Operating Expenses. Total operating expenses for the six months ended
June 30, 2004 increased $5.0 million from the same period in 2003. This increase
was directly related to our efforts to comply with the SOX 404 requirement, our
new ERP system development, our "I Rely on GTSI" marketing campaign and
increased employee-related costs. Total operating expenses remained flat as a
percentage of sales at approximately 11% for the six month periods ended June
30, 2004 and 2003.
Interest and Other Income. Net interest and other income in the first
six months of 2004 increased $0.4 million to $1.9 million compared to $1.5
million in the same period in 2003 due primarily to an increase in interest
income from equipment leases during the first quarter of 2004, partially offset
by a decrease in lease interest income during the second quarter of 2004.
Income Tax. We recorded a tax benefit of $1.9 million for the first six
months of 2004 based on our expected annual effective tax rate of approximately
39.5% compared to a tax benefit of $0.4 million in the same period last year.
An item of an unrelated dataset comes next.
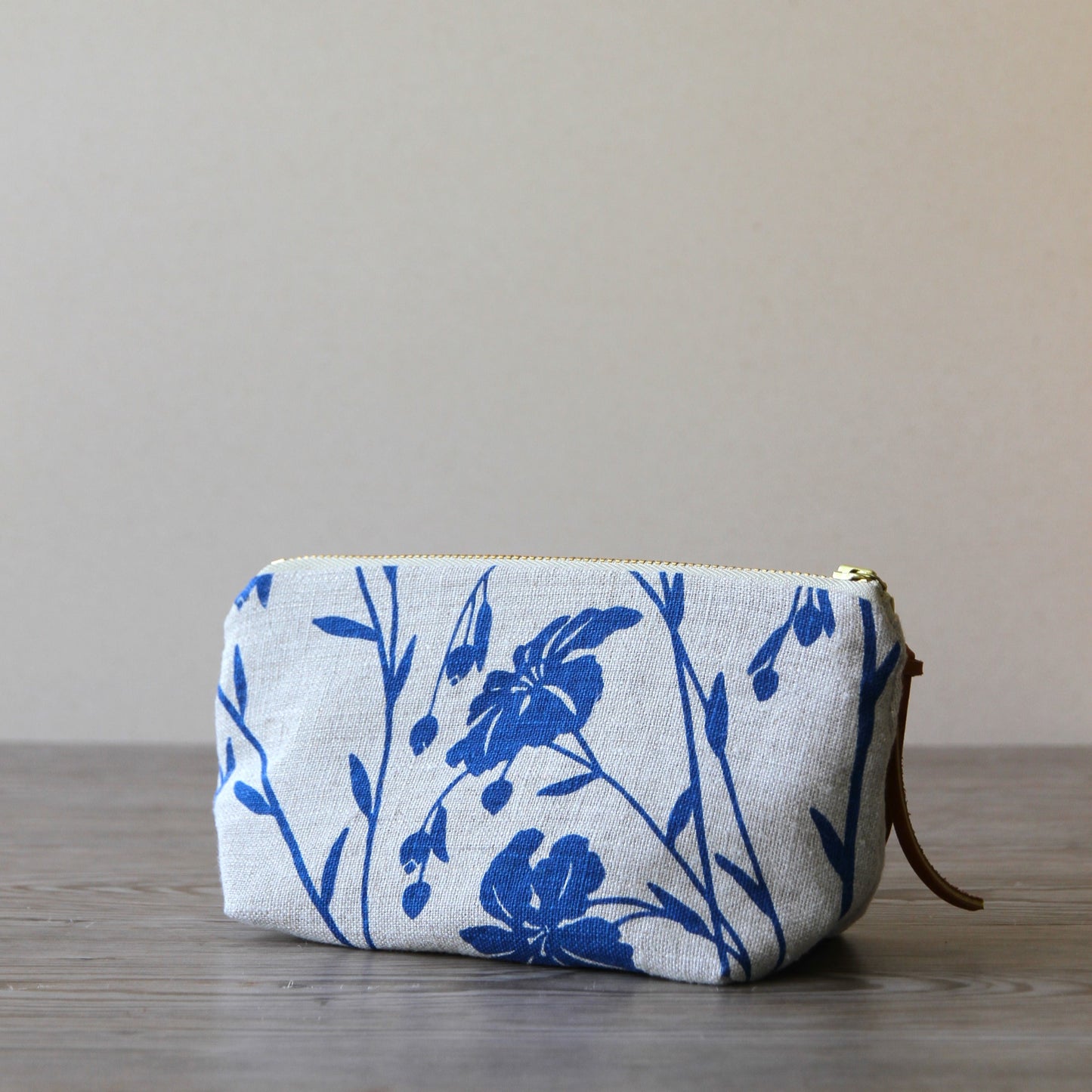 Triangle Pouch - Small - Flax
Seasonal Fluctuations and Other Factors
GTSI has historically experienced and expects to continue to experience
significant seasonal fluctuations in our operations as a result of government
buying and funding patterns, which also affect the buying patterns of our prime
contractor customers. These buying and funding patterns historically have had a
significant positive effect on GTSI's bookings in the third quarter ending
September 30 each year (the federal government's fiscal year end), and
consequently on sales and net income in the third and fourth quarters of each
year. Quarterly financial results are also affected by the timing of the award
of and shipments of products under government contracts, price competition in
the computer and IT industries, the addition of personnel or other expenses in
anticipation of sales growth, product line changes and expansions, and the
timing and costs of changes in customer and product mix. In addition, customer
order deferrals in anticipation of new product releases by leading hardware and
software manufacturers, delays in vendor shipments of new or existing products,
a shift in sales mix to more complex requirements contracts with more complex
service costs, and vendor delays in the processing of incentives and credits due
to us, have occurred (all of which are also likely to occur in the future) and
have adversely affected our operating performance in particular periods. The
seasonality and the unpredictability of the factors affecting such seasonality
make GTSI's quarterly and yearly financial results difficult to predict and
subject to significant fluctuation. Our stock price could be adversely affected
if any such financial results fail to meet the financial community's
expectations.
Additionally, legislation is periodically introduced in Congress that
may change the federal government's procurement practices, and agencies from
time to time may issue new regulations or modify existing regulations that may
also change the government's procurement practices. GTSI cannot predict whether
any legislative or regulatory proposals will be adopted or, if adopted, the
impact upon its operating results. Changes in the structure, composition and/or
buying patterns of the Government, either alone or in combination with
competitive conditions or other factors, could adversely affect future results.
- 13 -
New Accounting Pronouncements
In January 2003, the Financial Accounting Standards Board ("FASB")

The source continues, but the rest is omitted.